### [YOUR ASSIGNMENT]
Every entry in the data below needs to be repeated exactly.

### [RECORD SET]
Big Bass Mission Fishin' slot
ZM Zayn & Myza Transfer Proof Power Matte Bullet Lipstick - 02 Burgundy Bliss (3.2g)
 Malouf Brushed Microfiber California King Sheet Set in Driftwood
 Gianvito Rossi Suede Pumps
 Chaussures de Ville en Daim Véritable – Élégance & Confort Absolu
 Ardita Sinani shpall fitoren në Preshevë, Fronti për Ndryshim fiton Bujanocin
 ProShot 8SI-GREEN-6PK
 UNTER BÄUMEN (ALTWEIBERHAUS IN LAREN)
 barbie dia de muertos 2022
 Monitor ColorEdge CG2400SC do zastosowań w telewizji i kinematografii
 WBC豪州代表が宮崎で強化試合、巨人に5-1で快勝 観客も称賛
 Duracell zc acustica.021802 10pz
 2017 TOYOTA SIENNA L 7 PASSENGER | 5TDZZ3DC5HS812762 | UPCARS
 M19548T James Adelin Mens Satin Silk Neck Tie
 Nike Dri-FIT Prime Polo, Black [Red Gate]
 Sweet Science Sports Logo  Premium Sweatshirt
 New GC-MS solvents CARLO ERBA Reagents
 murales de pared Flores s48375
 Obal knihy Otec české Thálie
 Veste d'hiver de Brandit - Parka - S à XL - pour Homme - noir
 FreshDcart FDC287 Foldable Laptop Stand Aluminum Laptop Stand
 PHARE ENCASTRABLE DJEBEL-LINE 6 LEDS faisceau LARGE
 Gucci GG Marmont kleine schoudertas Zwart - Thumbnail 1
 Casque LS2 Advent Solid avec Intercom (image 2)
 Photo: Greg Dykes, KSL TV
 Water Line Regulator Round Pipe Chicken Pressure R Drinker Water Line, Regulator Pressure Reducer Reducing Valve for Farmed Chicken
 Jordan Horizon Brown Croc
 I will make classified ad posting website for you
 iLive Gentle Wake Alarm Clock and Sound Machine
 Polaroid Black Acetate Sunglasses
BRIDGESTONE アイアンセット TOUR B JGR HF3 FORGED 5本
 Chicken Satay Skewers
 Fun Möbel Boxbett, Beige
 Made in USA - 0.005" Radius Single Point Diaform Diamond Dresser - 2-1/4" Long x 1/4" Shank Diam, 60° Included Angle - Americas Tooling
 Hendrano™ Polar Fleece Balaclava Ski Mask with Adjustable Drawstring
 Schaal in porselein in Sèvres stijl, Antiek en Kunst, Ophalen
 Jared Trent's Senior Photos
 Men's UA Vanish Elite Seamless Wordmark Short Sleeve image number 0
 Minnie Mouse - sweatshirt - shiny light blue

### [COMPLETED TASK]
Big Bass Mission Fishin' slot
ZM Zayn & Myza Transfer Proof Power Matte Bullet Lipstick - 02 Burgundy Bliss (3.2g)
 Malouf Brushed Microfiber California King Sheet Set in Driftwood
 Gianvito Rossi Suede Pumps
 Chaussures de Ville en Daim Véritable – Élégance & Confort Absolu
 Ardita Sinani shpall fitoren në Preshevë, Fronti për Ndryshim fiton Bujanocin
 ProShot 8SI-GREEN-6PK
 UNTER BÄUMEN (ALTWEIBERHAUS IN LAREN)
 barbie dia de muertos 2022
 Monitor ColorEdge CG2400SC do zastosowań w telewizji i kinematografii
 WBC豪州代表が宮崎で強化試合、巨人に5-1で快勝 観客も称賛
 Duracell zc acustica.021802 10pz
 2017 TOYOTA SIENNA L 7 PASSENGER | 5TDZZ3DC5HS812762 | UPCARS
 M19548T James Adelin Mens Satin Silk Neck Tie
 Nike Dri-FIT Prime Polo, Black [Red Gate]
 Sweet Science Sports Logo  Premium Sweatshirt
 New GC-MS solvents CARLO ERBA Reagents
 murales de pared Flores s48375
 Obal knihy Otec české Thálie
 Veste d'hiver de Brandit - Parka - S à XL - pour Homme - noir
 FreshDcart FDC287 Foldable Laptop Stand Aluminum Laptop Stand
 PHARE ENCASTRABLE DJEBEL-LINE 6 LEDS faisceau LARGE
 Gucci GG Marmont kleine schoudertas Zwart - Thumbnail 1
 Casque LS2 Advent Solid avec Intercom (image 2)
 Photo: Greg Dykes, KSL TV
 Water Line Regulator Round Pipe Chicken Pressure R Drinker Water Line, Regulator Pressure Reducer Reducing Valve for Farmed Chicken
 Jordan Horizon Brown Croc
 I will make classified ad posting website for you
 iLive Gentle Wake Alarm Clock and Sound Machine
 Polaroid Black Acetate Sunglasses
BRIDGESTONE アイアンセット TOUR B JGR HF3 FORGED 5本
 Chicken Satay Skewers
 Fun Möbel Boxbett, Beige
 Made in USA - 0.005" Radius Single Point Diaform Diamond Dresser - 2-1/4" Long x 1/4" Shank Diam, 60° Included Angle - Americas Tooling
 Hendrano™ Polar Fleece Balaclava Ski Mask with Adjustable Drawstring
 Schaal in porselein in Sèvres stijl, Antiek en Kunst, Ophalen
 Jared Trent's Senior Photos
 Men's UA Vanish Elite Seamless Wordmark Short Sleeve image number 0
 Minnie Mouse - sweatshirt - shiny light blue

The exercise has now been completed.